Scraped caption text data

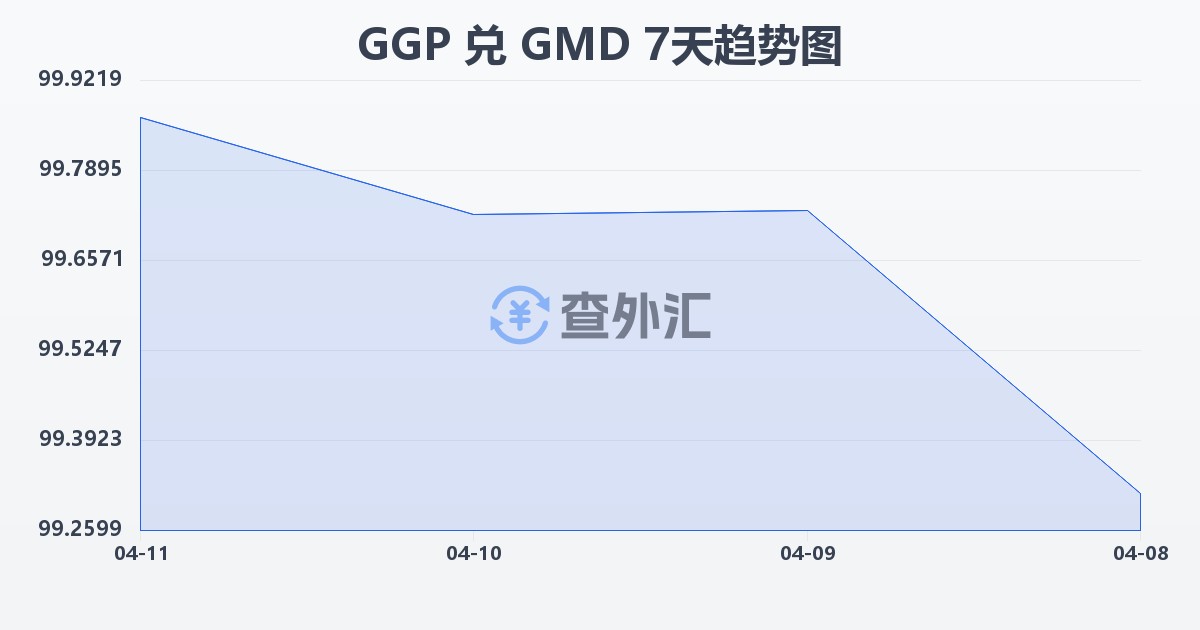 根西岛镑兑冈比亚达拉西(GGP/GMD)近7天汇率走势图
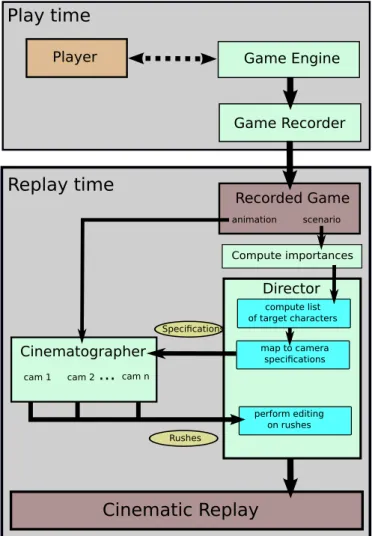 Figure 2: System overview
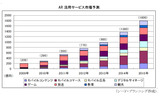 AR活用サービス市場予測の画像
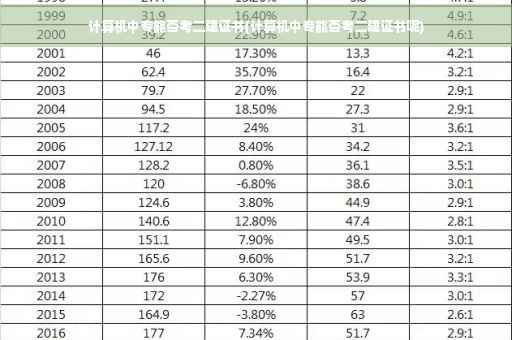 计算机中专能否考二建证书(计算机中专能否考二建证书呢)
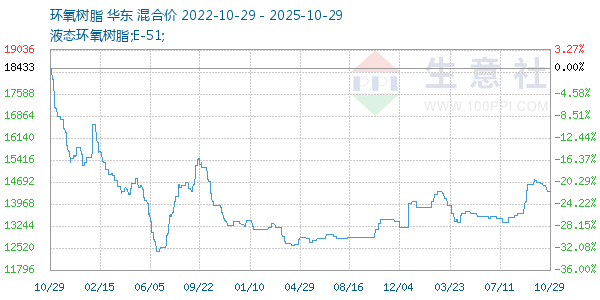 环氧树脂走势图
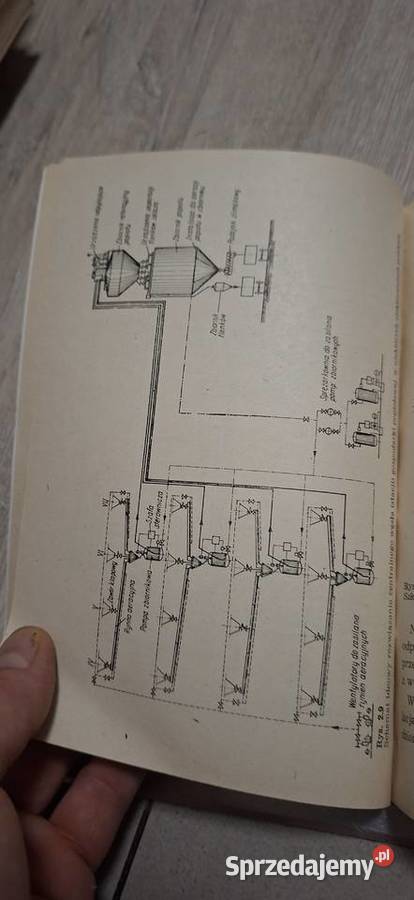1 wydanie Popioły lotne w budownictwie drogowym Antyki, Sztuka, Kolekcje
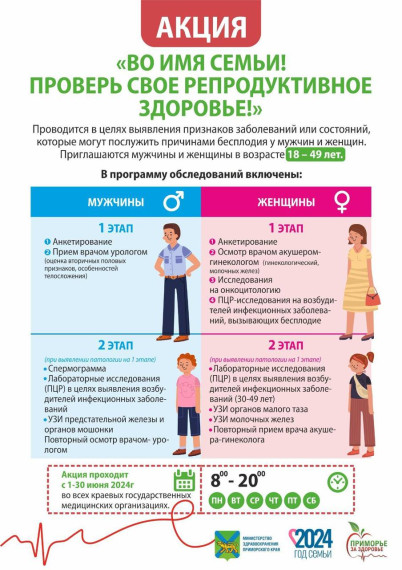 С 1 июня по 30 июня 2024 года в Приморском крае стартовала акция «Во имя семьи. Проверь свое репродуктивное здоровье!».. С 1 июня по 30 июня 2024 года в Приморском крае стартовала акция «Во имя семьи. Проверь свое репродуктивное здоровье!»..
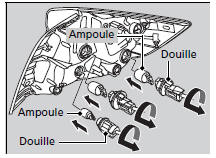 Feux de recul : 16 W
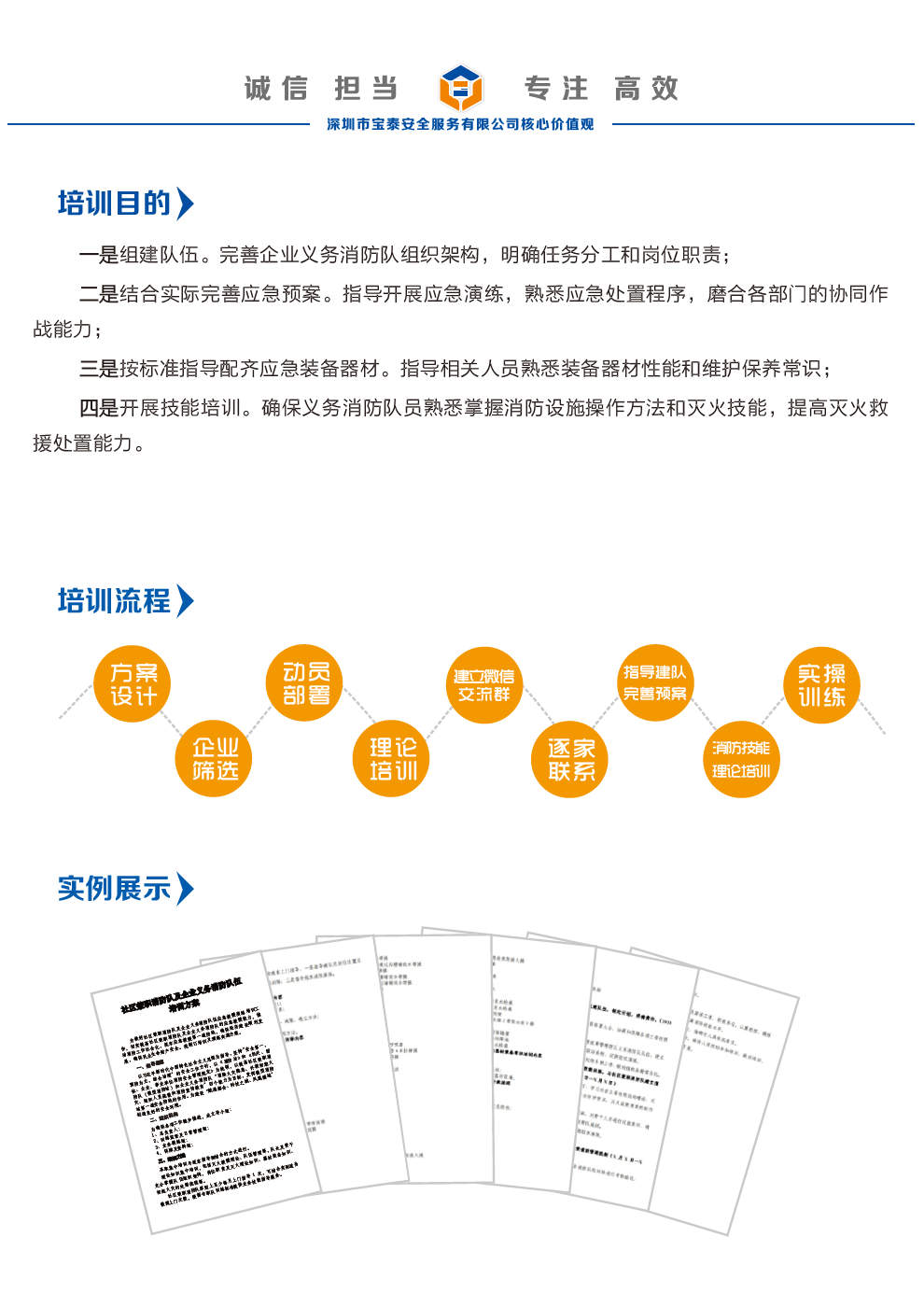 应急队伍组建及技能培训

- [PROBLEM STATEMENT]: Each line of the data above must be reproduced as written. Skip the pictures.

- [ANSWER TO THE EXERCISE]:
 根西岛镑兑冈比亚达拉西(GGP/GMD)近7天汇率走势图
 Figure 2: System overview
 AR活用サービス市場予測の画像
 计算机中专能否考二建证书(计算机中专能否考二建证书呢)
 环氧树脂走势图
1 wydanie Popioły lotne w budownictwie drogowym Antyki, Sztuka, Kolekcje
 С 1 июня по 30 июня 2024 года в Приморском крае стартовала акция «Во имя семьи. Проверь свое репродуктивное здоровье!».. С 1 июня по 30 июня 2024 года в Приморском крае стартовала акция «Во имя семьи. Проверь свое репродуктивное здоровье!»..
 Feux de recul : 16 W
 应急队伍组建及技能培训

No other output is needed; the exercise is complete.